Der Versuch, ein totales Verbot für Erdöl aus der Russischen Föderation zu verhängen, habe ausschließlich politische Motive, fügte Wjatscheslaw Kulagin hinzu.

"Es besteht der Wunsch, Russland einen Nachteil zu bereiten, doch sie finden keine anderen Möglichkeiten, dies zu tun. Beim Versuch der westlichen Länder, die wichtigsten Einnahme- und Exportquellen Russlands zu torpedieren, wurde der Markt unterschätzt und die Preissteigerung nicht berücksichtigt, welche einen Verlust kompensieren kann. Jetzt, nachdem sie gesehen haben, dass die steigenden Energiepreise zu Deviseneinnahmen in Rekordhöhe für Russland geführt haben, ist die Erkenntnis gereift, dass Sanktionen nicht wirken.

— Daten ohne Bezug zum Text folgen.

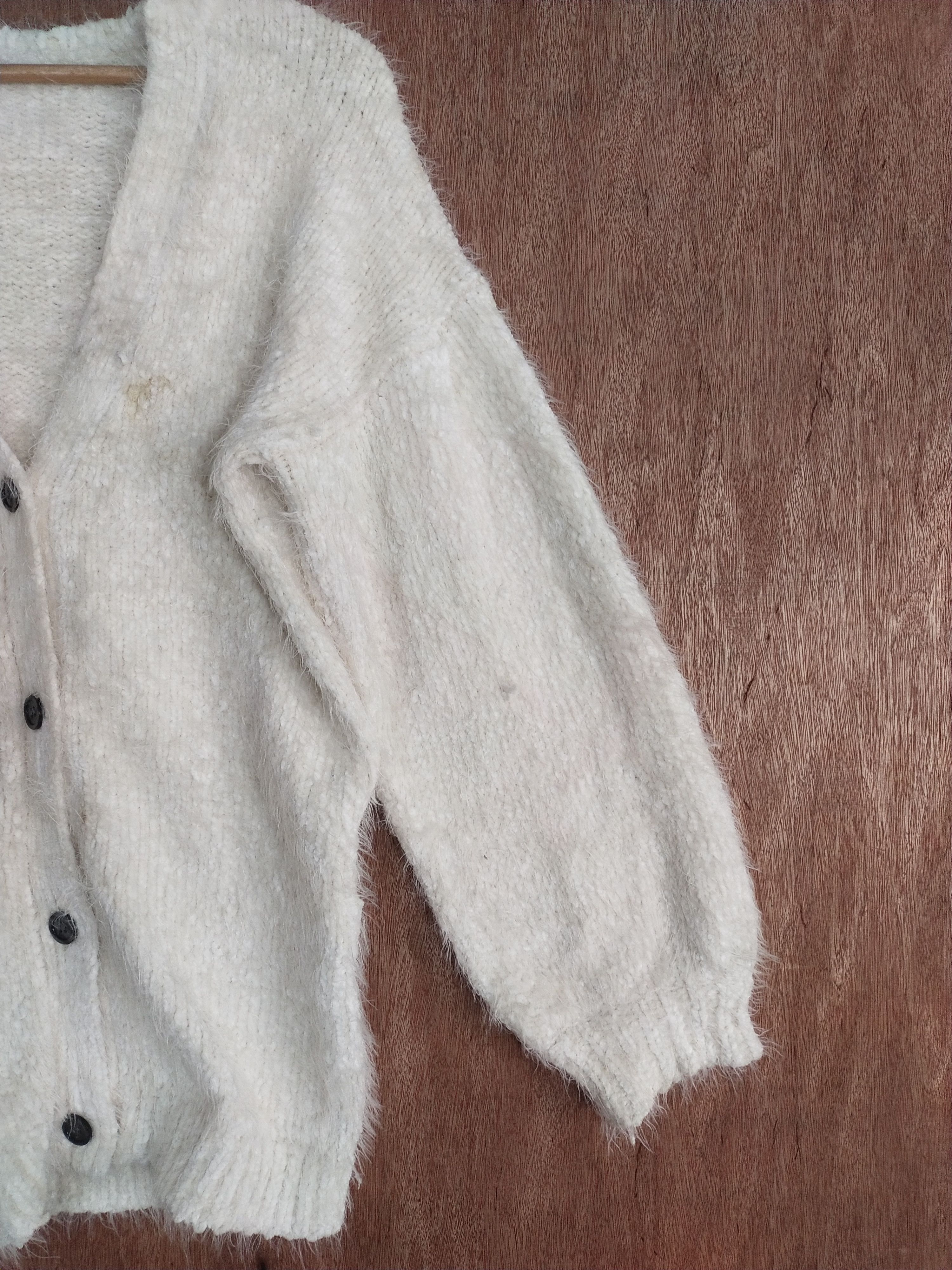 Homespun Knitwear Japan cardigan Cream mohair shaggy knitwear #H269 Size L / US 10 / IT 46 - 4 Thumbnail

Weil aber nichts anderes erfunden wurde, geht das Spiel auf den Energiemärkten weiter", erzählte der Experte.

Offensichtlich ist, dass der Prozess der Verhängung von Sanktionen gegen Russland von den USA angeführt wird, die bereit sind, die europäische Wirtschaft zu opfern, um Russland einzudämmen, meint der Politikwissenschaftler Alexander Asafov.

"Verschiedene europäische Unternehmen haben erklärt, dass sie nicht in der Lage sind, ihre Geschäftstätigkeit fortzusetzen, sollte es zu einem Verzicht auf Energieressourcen aus Russland kommen. Da die Sanktionen eine amerikanische Initiative sind, kann man die Schlussfolgerung ziehen, dass Washington eine Konfrontation mit Russland bis zum letzten Europäer anstrebt und bereit ist, die EU-Wirtschaft mit Sanktionen zu zerstören", unterstrich der Politikwissenschaftler.

Dennoch scheinen die europäischen Politiker die umgekehrte Wirkung der Sanktionen gegen Russland zu ignorieren, und somit bleibt Europa weiterhin auf einem selbstmörderischen Kurs, fügte Alexander Asafov hinzu.

"Das wird noch einige Zeit so andauern, bis der Schaden für die Weltwirtschaft unumkehrbar geworden ist und die Einsicht dessen entsteht, dass die Frage anders angegangen werden muss, und nicht allein durch harten antirussischen Druck", schlussfolgerte der RT-Gesprächspartner.